Can I get some help to solve this problem

Answer 1

Hints: suppose we have a ring homomorphism

$$\phi:m\Bbb Z\to n\Bbb Z\;,\;\;\text{with}\;\;\phi(m)=nz$$

But then

$$n^2z^2=\phi(m)^2=\phi(m^2)=\phi(\underbrace{m+m+\ldots+m}_{m\;\text{ times}})=m\phi(m)=mnz\implies m=nz$$

and this already is a contradiction if $\,n\nmid m\,$ , but even if $\,n\mid m\,$ then

$$\forall\,x\in\Bbb Z\;,\;\;\phi(mx)=xnz=xm\in m\Bbb Z\lneqq n\Bbb Z $$

and thus we have problems with $\,\phi\,$ being surjective (fill in details).

Answer 2

Assume you have an isomorphism $\phi: m\mathbb{Z} \rightarrow n\mathbb{Z}$, $m\neq n$.
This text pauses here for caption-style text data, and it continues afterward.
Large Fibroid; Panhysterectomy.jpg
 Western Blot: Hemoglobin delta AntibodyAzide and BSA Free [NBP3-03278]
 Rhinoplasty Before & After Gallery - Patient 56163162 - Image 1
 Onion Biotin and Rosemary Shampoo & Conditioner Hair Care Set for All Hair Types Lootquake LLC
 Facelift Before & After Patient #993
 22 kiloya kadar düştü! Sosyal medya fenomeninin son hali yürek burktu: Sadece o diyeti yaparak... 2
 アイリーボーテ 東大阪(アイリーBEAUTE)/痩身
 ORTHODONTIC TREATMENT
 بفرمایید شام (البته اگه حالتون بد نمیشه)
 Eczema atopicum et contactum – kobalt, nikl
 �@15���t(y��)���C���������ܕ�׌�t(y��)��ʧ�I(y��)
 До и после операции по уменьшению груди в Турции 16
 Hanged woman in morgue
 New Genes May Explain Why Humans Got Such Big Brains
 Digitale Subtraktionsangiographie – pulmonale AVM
Since $m$ is a generator of $m\mathbb{Z}$, $\phi$ is determined by its value on $m$, which must be $n$ if $\phi$ is to be a bijection. How can you from this derive a contradiction?

Answer 3

Here is an alternate proof that I think is more straightforward to think about:

Let us say for contradiction that there exists an isomorphism $\phi$ from $<m>$ to $<n>$. As previous answers have noted, it must be true that $\phi(m) = n$ else it would not be surjective and so not an isomorphism. So, our general isomorphism here is $\phi(mx) = nx$. Now, note that $\phi(mn) = nn$. But also notice that $\phi(mm) = \phi(m)\phi(m) = nn$. So, we have that $\phi(mm) = \phi(mn)$. Since $\phi$ is an isomorphism, $\phi^{-1}$ is also an isomorphism in the reverse direction. Using this we have $\phi^{-1}(\phi(mm)) = \phi^{-1}(\phi(mn))$. Simplifying yields $mm = mn$. Algebra yields $m = n$. But this is a contradiction because $m$ and $n$ were known to be distinct.

Answer 4

Let the group index $|RR : R|$ denote the $spread$ of a rng $R$. Since $m\mathbb Z$ and $n\mathbb Z$ have different spreads $m$ and $n$ respectively, they cannot be isomorphic.